July contracts decrease 10 percentMcGraw-Hill Construction, a division of The McGraw-Hill Cos., New York, has reported construction starts fell 10 percent in July. For the first seven months of 2011, total construction was down 6 percent compared with the same period in 2010.
"The construction start statistics continue to show an up-and-down pattern as sporadic gains have yet to make the transition to more sustained expansion," says Robert A. Murray, vice president of economic affairs for McGraw-Hill Construction. "This behavior might be characterized as 'bouncing along the bottom,' following the sharp downturn for construction starts that took place in 2008 and 2009.
"Single-family housing remains stalled at a low volume, not able to perform its more typical role of leading a construction upturn," he continues. "The tight fiscal conditions at the federal, state and local levels of government are restraining the public works and institutional building sectors, and the recent debt ceiling agreement points toward further restraint. Although the commercial categories seem to have bottomed out, the concern about a weakening U.S. economy likely will delay any improvement for these project types in the near term."

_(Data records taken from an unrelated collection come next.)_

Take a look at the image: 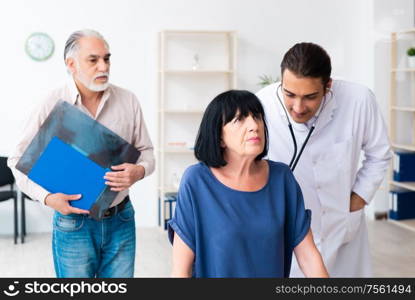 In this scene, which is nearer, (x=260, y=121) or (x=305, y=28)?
(x=260, y=121)

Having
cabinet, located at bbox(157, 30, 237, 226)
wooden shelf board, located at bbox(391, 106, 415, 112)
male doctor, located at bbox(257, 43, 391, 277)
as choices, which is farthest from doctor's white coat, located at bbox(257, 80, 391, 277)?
wooden shelf board, located at bbox(391, 106, 415, 112)

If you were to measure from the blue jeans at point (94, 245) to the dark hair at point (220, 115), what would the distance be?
782 mm

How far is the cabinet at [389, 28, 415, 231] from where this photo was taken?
21.0 feet

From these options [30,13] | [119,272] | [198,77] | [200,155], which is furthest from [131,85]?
[200,155]

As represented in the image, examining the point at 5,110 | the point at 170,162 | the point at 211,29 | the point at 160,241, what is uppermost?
the point at 211,29

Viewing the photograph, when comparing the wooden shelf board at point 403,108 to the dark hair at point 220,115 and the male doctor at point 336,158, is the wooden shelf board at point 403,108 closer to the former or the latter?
the male doctor at point 336,158

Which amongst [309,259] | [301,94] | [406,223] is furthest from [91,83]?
[406,223]

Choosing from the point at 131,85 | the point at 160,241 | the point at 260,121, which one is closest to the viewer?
the point at 260,121

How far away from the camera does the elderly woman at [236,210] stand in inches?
66.7

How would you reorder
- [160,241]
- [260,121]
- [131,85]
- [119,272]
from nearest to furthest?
1. [260,121]
2. [119,272]
3. [160,241]
4. [131,85]

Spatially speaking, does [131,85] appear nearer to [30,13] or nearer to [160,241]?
[30,13]

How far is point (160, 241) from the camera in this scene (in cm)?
583

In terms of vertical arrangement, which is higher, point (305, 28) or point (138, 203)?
point (305, 28)

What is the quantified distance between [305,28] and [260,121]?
505 cm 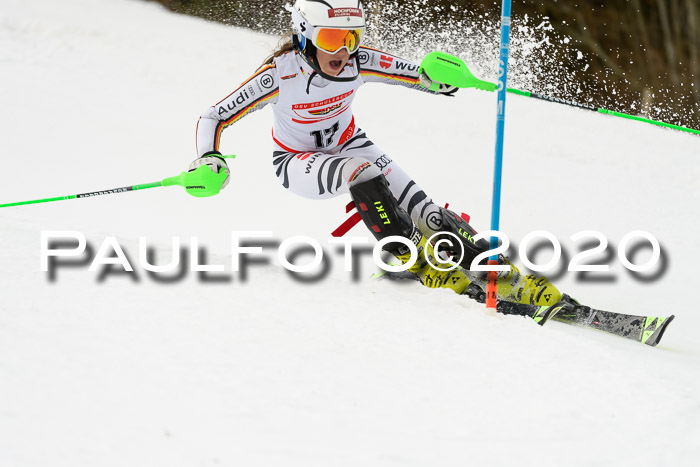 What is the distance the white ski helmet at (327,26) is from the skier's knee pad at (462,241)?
2.78ft

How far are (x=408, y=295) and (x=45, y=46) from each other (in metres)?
6.13

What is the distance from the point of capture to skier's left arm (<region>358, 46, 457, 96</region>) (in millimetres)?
3234

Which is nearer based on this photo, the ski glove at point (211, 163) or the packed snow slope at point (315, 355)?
the packed snow slope at point (315, 355)

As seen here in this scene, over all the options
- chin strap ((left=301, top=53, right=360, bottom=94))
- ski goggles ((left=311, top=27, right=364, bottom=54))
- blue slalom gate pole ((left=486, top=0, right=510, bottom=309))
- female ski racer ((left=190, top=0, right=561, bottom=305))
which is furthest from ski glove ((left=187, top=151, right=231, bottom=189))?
blue slalom gate pole ((left=486, top=0, right=510, bottom=309))

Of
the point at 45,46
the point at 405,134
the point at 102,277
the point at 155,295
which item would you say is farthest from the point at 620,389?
the point at 45,46

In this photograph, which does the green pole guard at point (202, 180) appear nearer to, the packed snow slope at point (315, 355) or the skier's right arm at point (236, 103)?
the skier's right arm at point (236, 103)

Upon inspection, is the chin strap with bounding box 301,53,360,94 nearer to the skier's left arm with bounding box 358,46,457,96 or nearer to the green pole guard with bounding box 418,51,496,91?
the skier's left arm with bounding box 358,46,457,96

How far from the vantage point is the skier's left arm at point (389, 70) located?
10.6 ft

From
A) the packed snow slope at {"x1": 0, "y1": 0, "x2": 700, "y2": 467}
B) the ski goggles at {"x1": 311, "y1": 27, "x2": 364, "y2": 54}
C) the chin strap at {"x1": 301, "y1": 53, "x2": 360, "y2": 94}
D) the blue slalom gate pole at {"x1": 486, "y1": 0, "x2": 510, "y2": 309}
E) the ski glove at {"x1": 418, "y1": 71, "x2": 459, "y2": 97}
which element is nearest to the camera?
the packed snow slope at {"x1": 0, "y1": 0, "x2": 700, "y2": 467}

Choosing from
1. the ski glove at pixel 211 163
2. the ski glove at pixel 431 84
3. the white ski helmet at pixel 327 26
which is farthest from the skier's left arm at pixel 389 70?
the ski glove at pixel 211 163

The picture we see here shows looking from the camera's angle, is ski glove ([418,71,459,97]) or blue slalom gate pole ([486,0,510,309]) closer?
blue slalom gate pole ([486,0,510,309])

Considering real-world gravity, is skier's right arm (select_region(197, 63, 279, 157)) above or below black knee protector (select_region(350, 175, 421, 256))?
above

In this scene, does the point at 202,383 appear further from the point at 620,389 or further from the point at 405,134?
the point at 405,134

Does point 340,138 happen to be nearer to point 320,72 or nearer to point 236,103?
point 320,72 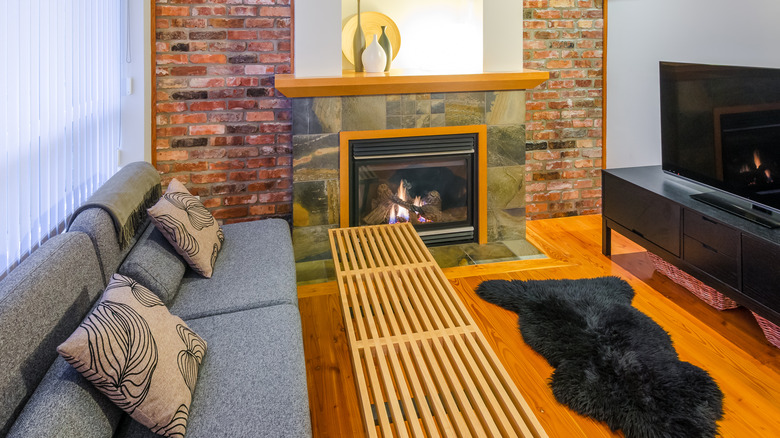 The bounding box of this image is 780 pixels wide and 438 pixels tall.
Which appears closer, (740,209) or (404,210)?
(740,209)

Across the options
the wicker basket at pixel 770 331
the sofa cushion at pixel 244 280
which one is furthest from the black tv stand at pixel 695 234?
the sofa cushion at pixel 244 280

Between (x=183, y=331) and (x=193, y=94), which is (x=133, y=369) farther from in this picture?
(x=193, y=94)

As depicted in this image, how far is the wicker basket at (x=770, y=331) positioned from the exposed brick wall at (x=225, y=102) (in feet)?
9.66

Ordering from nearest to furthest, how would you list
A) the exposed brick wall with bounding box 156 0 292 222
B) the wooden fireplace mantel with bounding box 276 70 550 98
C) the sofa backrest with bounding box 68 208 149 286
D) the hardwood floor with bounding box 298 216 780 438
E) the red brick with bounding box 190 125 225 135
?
the sofa backrest with bounding box 68 208 149 286, the hardwood floor with bounding box 298 216 780 438, the wooden fireplace mantel with bounding box 276 70 550 98, the exposed brick wall with bounding box 156 0 292 222, the red brick with bounding box 190 125 225 135

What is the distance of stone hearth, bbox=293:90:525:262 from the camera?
3.44m

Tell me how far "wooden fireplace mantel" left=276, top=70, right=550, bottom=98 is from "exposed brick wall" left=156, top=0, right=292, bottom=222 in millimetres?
403

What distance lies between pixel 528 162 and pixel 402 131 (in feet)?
4.06

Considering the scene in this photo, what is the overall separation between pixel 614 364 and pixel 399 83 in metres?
2.05

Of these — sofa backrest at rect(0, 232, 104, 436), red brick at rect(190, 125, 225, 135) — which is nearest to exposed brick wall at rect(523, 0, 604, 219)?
red brick at rect(190, 125, 225, 135)

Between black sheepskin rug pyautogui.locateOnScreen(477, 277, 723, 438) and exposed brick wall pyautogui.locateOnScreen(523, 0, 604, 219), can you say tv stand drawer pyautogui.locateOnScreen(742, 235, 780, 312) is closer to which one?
black sheepskin rug pyautogui.locateOnScreen(477, 277, 723, 438)

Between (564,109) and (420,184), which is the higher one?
(564,109)

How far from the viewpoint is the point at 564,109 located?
4223mm

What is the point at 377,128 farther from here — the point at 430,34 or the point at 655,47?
the point at 655,47

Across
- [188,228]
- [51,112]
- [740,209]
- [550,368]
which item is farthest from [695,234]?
[51,112] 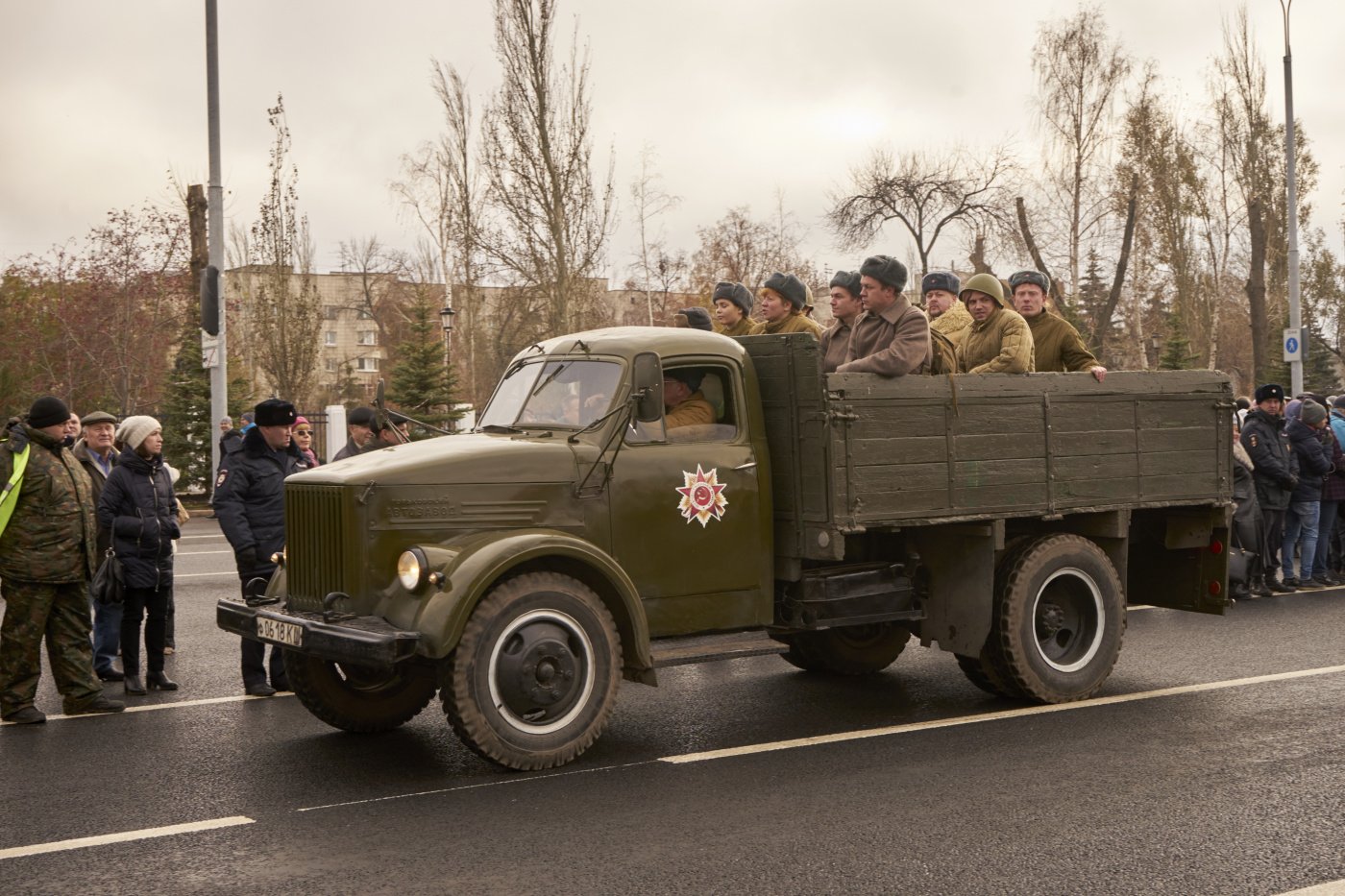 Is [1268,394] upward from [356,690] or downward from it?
upward

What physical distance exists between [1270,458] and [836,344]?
7199 millimetres

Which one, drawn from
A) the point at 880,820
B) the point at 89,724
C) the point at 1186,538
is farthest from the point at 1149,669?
the point at 89,724

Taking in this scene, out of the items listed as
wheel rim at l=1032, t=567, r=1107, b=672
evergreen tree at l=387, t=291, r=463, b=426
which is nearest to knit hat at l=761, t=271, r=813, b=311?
wheel rim at l=1032, t=567, r=1107, b=672

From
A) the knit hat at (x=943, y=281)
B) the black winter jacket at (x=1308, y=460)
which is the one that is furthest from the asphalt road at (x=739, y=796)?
the black winter jacket at (x=1308, y=460)

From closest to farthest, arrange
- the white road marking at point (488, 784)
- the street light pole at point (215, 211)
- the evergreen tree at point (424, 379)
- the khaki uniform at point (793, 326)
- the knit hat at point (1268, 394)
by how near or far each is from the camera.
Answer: the white road marking at point (488, 784) → the khaki uniform at point (793, 326) → the knit hat at point (1268, 394) → the street light pole at point (215, 211) → the evergreen tree at point (424, 379)

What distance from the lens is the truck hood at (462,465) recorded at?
7055 mm

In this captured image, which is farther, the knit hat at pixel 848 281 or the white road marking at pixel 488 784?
the knit hat at pixel 848 281

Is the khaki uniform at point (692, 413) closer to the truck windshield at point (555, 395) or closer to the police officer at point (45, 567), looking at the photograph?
the truck windshield at point (555, 395)

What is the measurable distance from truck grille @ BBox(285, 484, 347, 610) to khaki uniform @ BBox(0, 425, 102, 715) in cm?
183

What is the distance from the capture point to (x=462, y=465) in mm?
7145

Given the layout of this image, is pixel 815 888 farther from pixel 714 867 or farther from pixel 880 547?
pixel 880 547

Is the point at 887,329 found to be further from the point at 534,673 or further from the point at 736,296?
the point at 534,673

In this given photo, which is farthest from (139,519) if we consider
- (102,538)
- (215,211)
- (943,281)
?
(215,211)

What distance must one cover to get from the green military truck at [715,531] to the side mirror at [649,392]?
1cm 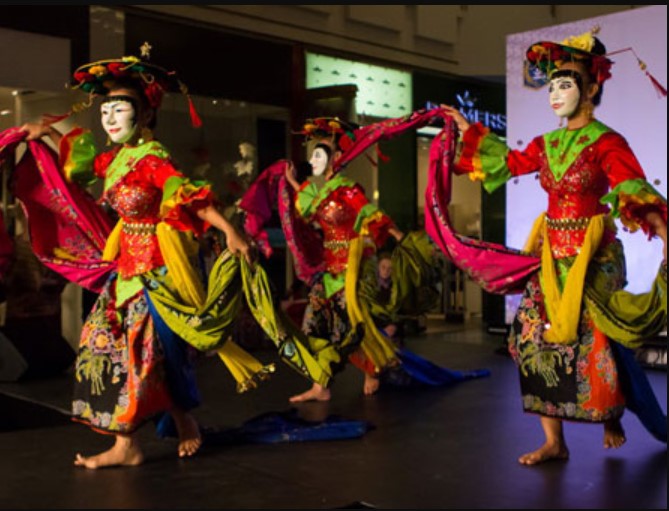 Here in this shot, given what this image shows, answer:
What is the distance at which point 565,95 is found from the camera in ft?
10.9

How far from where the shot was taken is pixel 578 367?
3246 mm

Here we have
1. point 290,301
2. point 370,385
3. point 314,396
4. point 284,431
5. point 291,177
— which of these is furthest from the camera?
point 290,301

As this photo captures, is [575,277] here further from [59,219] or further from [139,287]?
[59,219]

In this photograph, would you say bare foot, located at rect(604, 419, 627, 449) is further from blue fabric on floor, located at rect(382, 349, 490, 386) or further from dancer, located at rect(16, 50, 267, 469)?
blue fabric on floor, located at rect(382, 349, 490, 386)

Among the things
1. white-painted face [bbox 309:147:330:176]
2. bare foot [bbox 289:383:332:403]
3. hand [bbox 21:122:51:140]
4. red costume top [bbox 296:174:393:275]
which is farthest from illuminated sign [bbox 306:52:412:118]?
hand [bbox 21:122:51:140]

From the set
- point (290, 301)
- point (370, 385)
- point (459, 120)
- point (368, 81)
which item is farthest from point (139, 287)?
point (368, 81)

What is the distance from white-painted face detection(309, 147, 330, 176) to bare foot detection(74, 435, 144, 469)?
2080 millimetres

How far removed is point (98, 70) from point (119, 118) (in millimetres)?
189

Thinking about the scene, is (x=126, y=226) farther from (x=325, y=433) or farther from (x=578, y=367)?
(x=578, y=367)

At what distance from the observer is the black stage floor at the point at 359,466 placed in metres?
2.88

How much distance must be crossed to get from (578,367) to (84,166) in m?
2.06

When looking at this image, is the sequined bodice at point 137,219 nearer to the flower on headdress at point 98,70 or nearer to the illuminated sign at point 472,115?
the flower on headdress at point 98,70

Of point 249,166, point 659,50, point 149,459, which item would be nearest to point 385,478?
point 149,459

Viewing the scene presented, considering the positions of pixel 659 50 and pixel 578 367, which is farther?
pixel 659 50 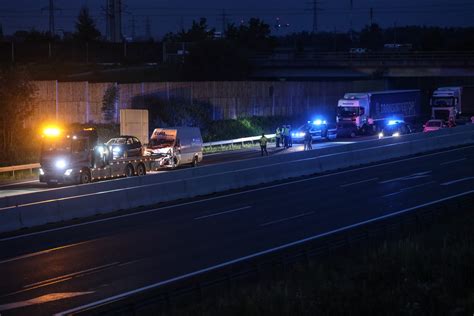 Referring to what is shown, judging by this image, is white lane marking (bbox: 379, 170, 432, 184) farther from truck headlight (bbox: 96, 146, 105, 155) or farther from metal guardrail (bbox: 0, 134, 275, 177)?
metal guardrail (bbox: 0, 134, 275, 177)

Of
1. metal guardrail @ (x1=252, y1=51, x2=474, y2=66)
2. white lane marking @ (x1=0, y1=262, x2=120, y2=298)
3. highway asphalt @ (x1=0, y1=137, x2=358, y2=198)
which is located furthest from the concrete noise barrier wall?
metal guardrail @ (x1=252, y1=51, x2=474, y2=66)

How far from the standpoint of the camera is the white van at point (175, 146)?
40469 millimetres

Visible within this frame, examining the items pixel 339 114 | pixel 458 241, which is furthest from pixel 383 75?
pixel 458 241

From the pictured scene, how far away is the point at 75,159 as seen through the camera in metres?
34.0

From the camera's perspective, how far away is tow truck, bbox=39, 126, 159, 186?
33938 mm

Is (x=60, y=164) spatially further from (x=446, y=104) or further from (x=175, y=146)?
(x=446, y=104)

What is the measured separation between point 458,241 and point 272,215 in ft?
26.6

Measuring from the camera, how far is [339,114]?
66062mm

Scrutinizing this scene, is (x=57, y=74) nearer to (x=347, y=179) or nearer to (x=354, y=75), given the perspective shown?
(x=354, y=75)

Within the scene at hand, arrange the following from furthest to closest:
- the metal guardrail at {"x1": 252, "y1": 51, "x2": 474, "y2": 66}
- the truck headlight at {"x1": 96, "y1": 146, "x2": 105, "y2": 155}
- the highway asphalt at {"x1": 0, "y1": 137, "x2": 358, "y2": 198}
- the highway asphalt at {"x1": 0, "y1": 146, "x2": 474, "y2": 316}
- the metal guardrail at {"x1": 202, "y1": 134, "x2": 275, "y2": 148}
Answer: the metal guardrail at {"x1": 252, "y1": 51, "x2": 474, "y2": 66}
the metal guardrail at {"x1": 202, "y1": 134, "x2": 275, "y2": 148}
the truck headlight at {"x1": 96, "y1": 146, "x2": 105, "y2": 155}
the highway asphalt at {"x1": 0, "y1": 137, "x2": 358, "y2": 198}
the highway asphalt at {"x1": 0, "y1": 146, "x2": 474, "y2": 316}

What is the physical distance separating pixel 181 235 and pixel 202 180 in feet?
30.0

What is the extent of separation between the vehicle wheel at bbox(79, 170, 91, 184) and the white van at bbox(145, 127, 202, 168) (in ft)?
19.1

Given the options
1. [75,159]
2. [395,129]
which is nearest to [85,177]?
[75,159]

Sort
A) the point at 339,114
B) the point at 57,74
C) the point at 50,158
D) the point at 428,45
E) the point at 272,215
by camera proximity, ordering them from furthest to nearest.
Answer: the point at 428,45
the point at 57,74
the point at 339,114
the point at 50,158
the point at 272,215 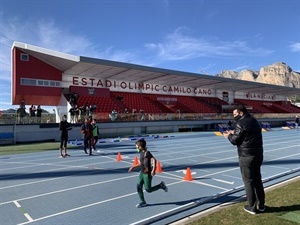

Nonresidential building construction decreased 6 percent in July. In the commercial category, manufacturing plant construction jumped 190 percent; office construction slipped 9 percent; store construction dropped 9 percent; warehouse construction decreased 10 percent; and hotel construction fell 32 percent. In the institutional category, churches climbed 48 percent; transportation terminals rose 44 percent; educational buildings increased 12 percent; public buildings dropped 21 percent; amusement-related construction fell 45 percent; and health care facility construction decreased 55 percent.
Residential building construction grew 3 percent in July. Single-family housing decreased 1 percent and multifamily construction increased 19 percent.
Nonbuilding construction fell 23 percent in July.
During the first seven months of 2011, nonresidential building decreased 9 percent compared with the first seven months of 2010. Residential building was down 8 percent, and nonbuilding construction fell 2 percent. By geographic region, the West grew 10 percent; South Central decreased 9 percent; South Atlantic dropped 10 percent; and Northeast and Midwest fell 12 percent.